The Plot (Magill's Guide to Science Fiction and Fantasy Literature)
Marion Zimmer Bradley’s The Mists of Avalon retells the legend of King Arthur. Like most versions of what has come to be known as the “matter of Britain,” the story chronicles the monarch’s rise to power, his glorious but troubled reign, and his downfall and eventual death. Bradley’s tale also offers a revised view of Arthur, of his changing world, and, more specifically, of the transition from pre-Christian Goddess worship to Christianity.

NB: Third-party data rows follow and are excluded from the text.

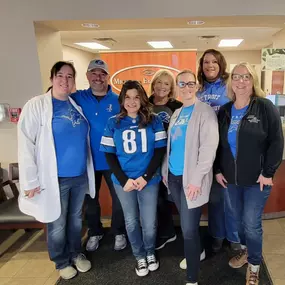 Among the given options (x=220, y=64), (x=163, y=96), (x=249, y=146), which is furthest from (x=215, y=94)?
(x=249, y=146)

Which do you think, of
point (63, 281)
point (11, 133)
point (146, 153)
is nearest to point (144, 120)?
point (146, 153)

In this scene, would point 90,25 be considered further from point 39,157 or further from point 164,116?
point 39,157

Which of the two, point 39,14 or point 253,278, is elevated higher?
point 39,14

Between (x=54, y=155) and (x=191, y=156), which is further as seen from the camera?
(x=54, y=155)

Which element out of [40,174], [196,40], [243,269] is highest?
[196,40]

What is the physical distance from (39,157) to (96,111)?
1.76 feet

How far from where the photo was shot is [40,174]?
187 cm

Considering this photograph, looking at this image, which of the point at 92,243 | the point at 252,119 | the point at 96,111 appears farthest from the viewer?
the point at 92,243

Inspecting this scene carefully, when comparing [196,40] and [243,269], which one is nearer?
[243,269]

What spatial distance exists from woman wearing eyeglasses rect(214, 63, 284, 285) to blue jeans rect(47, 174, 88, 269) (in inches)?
41.9

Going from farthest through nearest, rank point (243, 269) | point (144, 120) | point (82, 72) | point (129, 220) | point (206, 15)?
point (82, 72) → point (206, 15) → point (243, 269) → point (129, 220) → point (144, 120)

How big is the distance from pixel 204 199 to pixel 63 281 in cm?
129

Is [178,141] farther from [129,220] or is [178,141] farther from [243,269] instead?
[243,269]

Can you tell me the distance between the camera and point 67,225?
6.86 ft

Narrated by Arthur’s half-sister, Morgaine, The Mists of Avalon brings to life the Cult of the Goddess, paying homage to the women in Arthur’s life.
Arthur’s rise to power begins with his and Morgaine’s mother, Igraine. As Igraine’s fate unfolds, so do the futures of both Great Britain and Avalon, the sacred island of the Goddess. In her role as High Queen to Uther Pendragon, Igraine serves the Goddess by keeping Ava-lon, her homeland, alive in the minds and hearts of her subjects. As giver of life to Morgaine and Arthur, she is also mother to both Avalon and Great Britain, for through her, Avalon finds a successor to Viviane—the reigning high priestess—and Great Britain acquires its next High King.
Aided by the women of Avalon, Arthur ascends to the throne and marries Gwynhwyfar, the antithesis of his female relatives. She becomes a defender of the Christian faith and an enemy of Avalon, and thus a source of conflict and a catalyst for change. To appease...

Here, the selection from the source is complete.